This story is about my friend Kirsty. She lives with metastatic Pheochromocytoma, a type of Neuroendocrine Tumour (NET) of the adrenal glands – (read more here). She has an amazing blog which is not just for Pheochromocytomas or even just for Neuroendocrine Cancer patients and supporters, because the has not let her condtion stop her doing normal stuff and amazing stuff. The challenges she has faced, and still facing, are very similar to many cancer patients. Kirsty is actually one of the moderators in my private Facebook group, she found me and put herself forward to help out. My group international in compostion working 24/7, so her location in New Zealand was perfect, filling in the North America/Europe normal ‘sleepy’ time around 3am – 7am UK time.
In 2012, Kirsty moved from UK to New Zealand (i.e. to the other side of the world) because of her as yet undiagnosed illness. There she got married to James and had a baby boy (Hugo). You can read about her diagnosis and treatment in her blog which is also linked below. But that is only part of her amazing story/ After baby Hugo was born, Kirsty and James had to face a massive moral dilemma during her ongoing treatment, taking a decision to terminate a second pregnancy due to the massive risks of the therapy she was to further endure. That’s tough. And it was also tough to try again later but this tough decision has produced a second baby boy. Read Kirsty’s message posted below alongside her ‘bump’ at 35 weeks. Those who remember this very noticeable ‘bump’ in the original publication of this article, will be very pleased to hear Charlie was born via Caesarean section (due to Kirsty’s previous major abdominal surgeries) with no complications at 12:55 on 4th February 2020 weighing a very healthy 4.3kg (around 9.5lbs) – see lead picture.
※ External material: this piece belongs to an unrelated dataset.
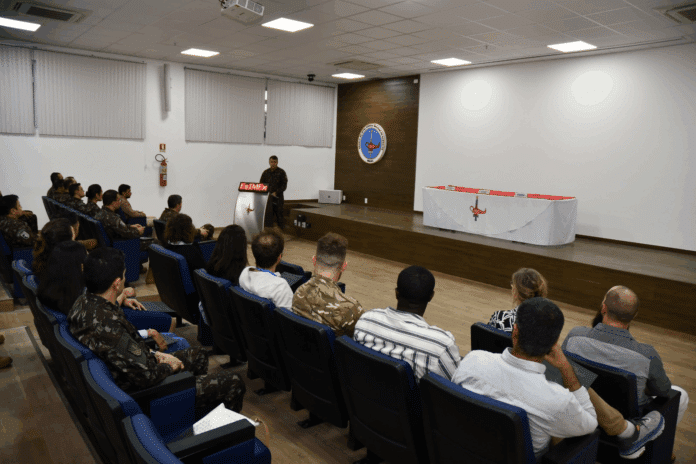 Palestra militar em auditório com público atento.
Cancer and pregnancy is a frequently discussed topic in cancer patient forums, and I’ve seen it quite a few times in my own private group. With NETs, the issues can be further complicated by the associated hereditary syndromes and connections. Moreover, those who understand Pheochromocytomas will know that that tumour type can often oversecrete metanephrines which can have a serious effect on pregnancy so there was an additional and considerable element of risk above normal pregnancy issues. The great news is that these issues didn’t surface and her post pregnancy MRI scan shows no evidence of further metastasis.
I offer you this post, not only to those who are worried about being able to have a child due to NETs, but also as a means of inspiring anyone with a long term cancer to try to lead as normal life as possible.
Finally, I’m sure you will all join me in wishing James, Kirsty and baby boys Hugo and Charlie, the very best wishes going forward. Thanks for allowing us to hear your story Kirsty!